In addition, the battery temperature distribution diagrams for ambient temperature of −20, −10, 0, and 10 °C are shown in Figure 8:

As can be seen from Figure 7, with the decrease in the ambient temperature, the entry and exit water temperatures of the battery gradually decrease, with the lowest water temperature being around 4.4 °C and the average battery module temperature being below 30 °C. It can be seen from the temperature distribution diagram of the battery in Figure 8, that the maximum temperature is about 21.1 °C and the minimum temperature can reach about 9.4 °C at an ambient temperature of −20 °C. When the ambient temperature drops, the temperature difference between the outdoor heat exchange of the battery thermal management circuit and the ambient temperature becomes larger, the heat exchange capacity is enhanced, and the temperature of the cooling water of the battery thermal management circuit drops, so the cooling water can better dissipate heat for the battery pack. From the above mentioned optimal operating temperature of the battery is 20–35 °C, the cooled battery at an ambient temperature of −20 °C is far below this temperature range and is in a state of over-cooling, which will affect the working performance of the battery pack. Therefore, when the ambient temperature is lower than −10 °C, the battery pack can be considered without cooling.
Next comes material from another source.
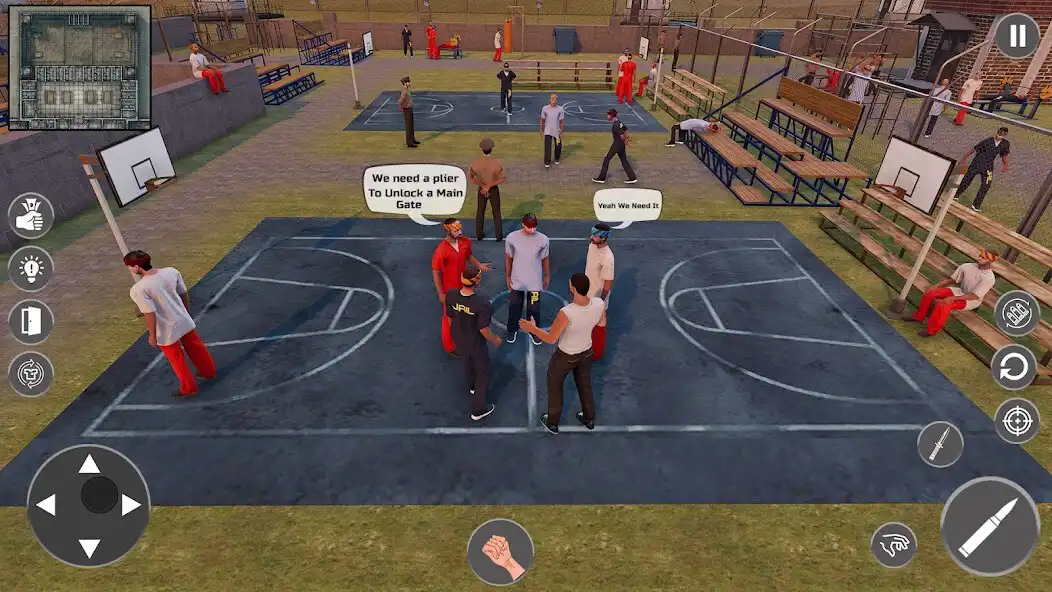 Play Prison Escape Jail Breakout 3D as an online game Prison Escape Jail Breakout 3D with UptoPlay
Based on the compressor performance parameters extracted from Figure 9, it is observed that a reduction in ambient temperature correlates with a proportional decrease in the power consumption of the compressor. Simultaneously, the coefficient of performance ($\mathrm{C}\mathrm{O}\mathrm{P}$) increases from 1.73 to 1.95. Meanwhile, the heating capacity of the indoor heat exchanger demonstrates a subtle inverse relationship with an ambient temperature decline. In summary, the compressor power diminishes in tandem with decreasing ambient temperature. This phenomenon is attributed to the corresponding reduction in the evaporation pressure of the outdoor heat exchanger, subsequently leading to a decrease in the inlet pressure of the compressor. Consequently, a diminished volume of refrigerant enters the compressor, resulting in lower energy consumption by the compressor. Since the $\mathrm{C}\mathrm{O}\mathrm{P}$ is intricately linked to both heat and compressor energy consumption, the reduction in compressor power surpasses that of heating capacity, thereby causing a marginal increase in the $\mathrm{C}\mathrm{O}\mathrm{P}$.

4. Conclusions

In order to realize the heating of electric vehicles in a low-temperature environment and ensure the normal operation of batteries through the technology of battery thermal management, based on the above steady-state simulation experiment of battery thermal management, coupled with vapor injection heat pump air conditioning for compressor speed and ambient temperature, the following conclusions are drawn by analyzing the simulation experiment:

(1)

Based on the simulation results, at different compressor RPMs with an ambient temperature of 5 °C, the average temperature of the battery pack remains below 30 °C, and the majority of individual cell temperatures are maintained within the range of 20 to 35 °C. Additionally, under the constant compressor RPM of 4000/min, despite the occurrence of individual cell temperatures below 20 °C in the −20 °C cold environment, under conditions of 10 °C, 0 °C, and −10 °C, most individual cell temperatures still stay within the range of 20 to 35 °C. Therefore, the thermal management performance proposed in this paper is better, ensuring that the battery operates within an optimal temperature range and meets cooling requirements.

(2)

In the low-temperature environment of −10 °C and −20 °C, the system can still provide 1990 W and 1971.9 W of heat respectively, and it can still maintain a relatively stable heating capacity compared with the 2009.1 W, provided by the environment temperature of 5 °C at the same RPM, which indicates that vapor injection heat pump air-conditioning still has a good heating capacity in the low-temperature environment.

(3)

The limitation of this paper is that the results are still in the simulation phase of the theoretical. When the ambient temperature is lower than −20 °C, the battery thermal management circuit of the system can be considered to turn off the water pump cooling work; the temperature sensor on the battery pack is used to detect whether the battery pack continues to heat up in the later stage of the work if the detection temperature is more than 30 °C, and then consider opening the battery thermal management circuit of the water pump for cooling work. There is few research on battery management and vapor injection heat pump air-conditioning, and there may be some deviation between the simulation results and the actual situation. The results still need to be further studied and analyzed to optimize the system and verify the experiments.

(4)

The performance of vapor injection heat pump air-conditioning is examined in this essay in relation to ambient temperature and compressor speed. In fact, the performance of the system is also influenced by the pump’s flow rate or the expansion valve’s opening, which will be researched further in the future for vapor injection heat pump air-conditioning.